California has embarked on a historic journey to achieve groundwater sustainability with the passage of the Sustainable Groundwater Management Act (SGMA) by the California Legislature in 2014. A specific legislative requirement is the development of a hydrogeologic conceptual model; such a model provides the information about the subsurface architecture needed for generating a groundwater model and for quantifying the water balance. There is widespread recognition of the need to acquire more subsurface data so as to reduce the uncertainty in the conceptual models. But the currently deployed, traditional methods of characterizing aquifers through the drilling of wells with testing and logging are slow, expensive and insufficient in terms of data coverage.

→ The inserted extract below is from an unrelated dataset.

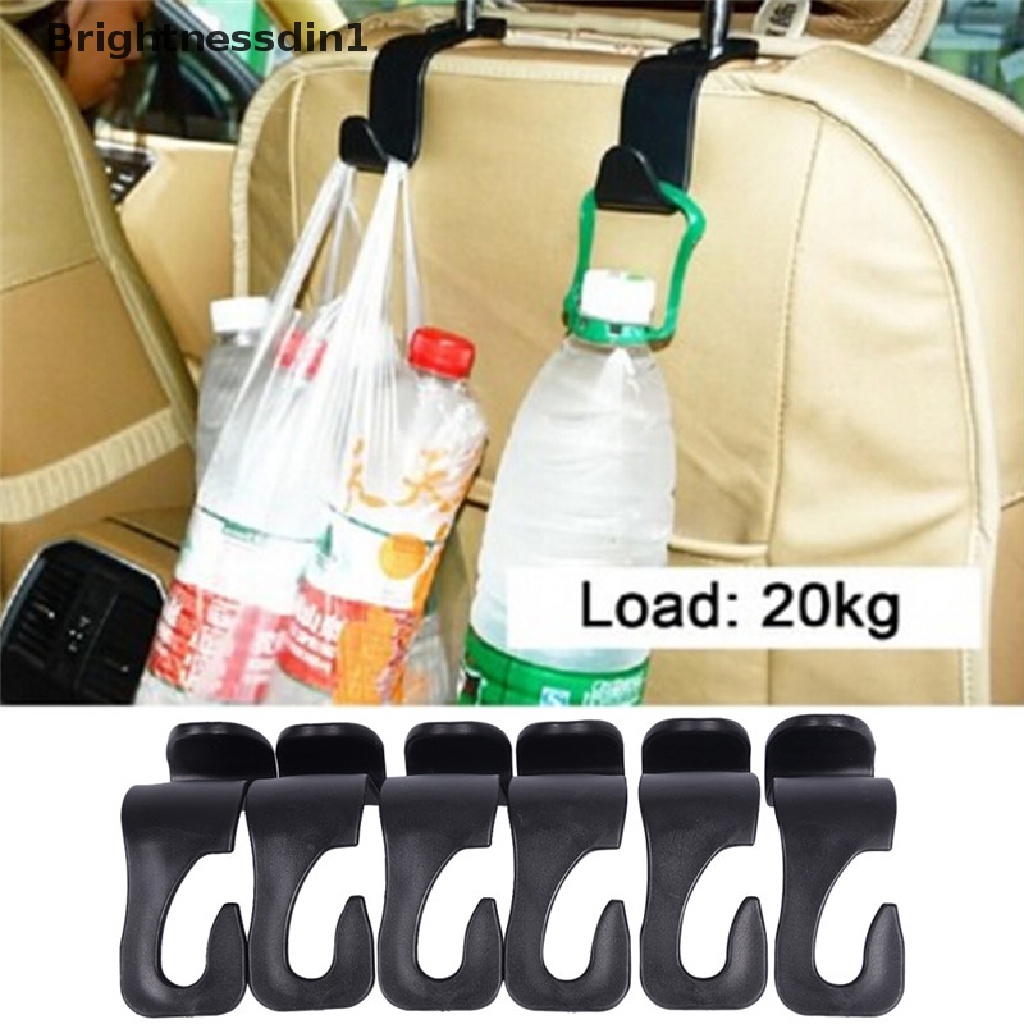 [Brightnessdin1] 2pcs Pengait Penyimpanan Gantungan Headrest Kursi Belakang Mobil Universal Untuk Tas Handbag Boutique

The MUDP-funded project (GAP) was part of a larger project, made up of ten work packages that allowed us to develop the optimal workflow for the use, in California, of AEM data to develop a hydrogeologic conceptual model. In the MUDP project, we included four work packages, that represent the research and development components of the ten in the larger project. The main body of this report contains descriptions of these four work packages. The deliverable from the larger project, the set of recommendations describing the optimal workflow, is presented in the Appendix.
The GAP project has created the foundation for a large-scale procurement from the State of California Department of Water Resources (DWR) for mapping of the Californian geology in all high and medium priority groundwater basins. The first large scale project was tendered out in autumn 2020 requesting use of advanced AEM technology similar to SkyTEM.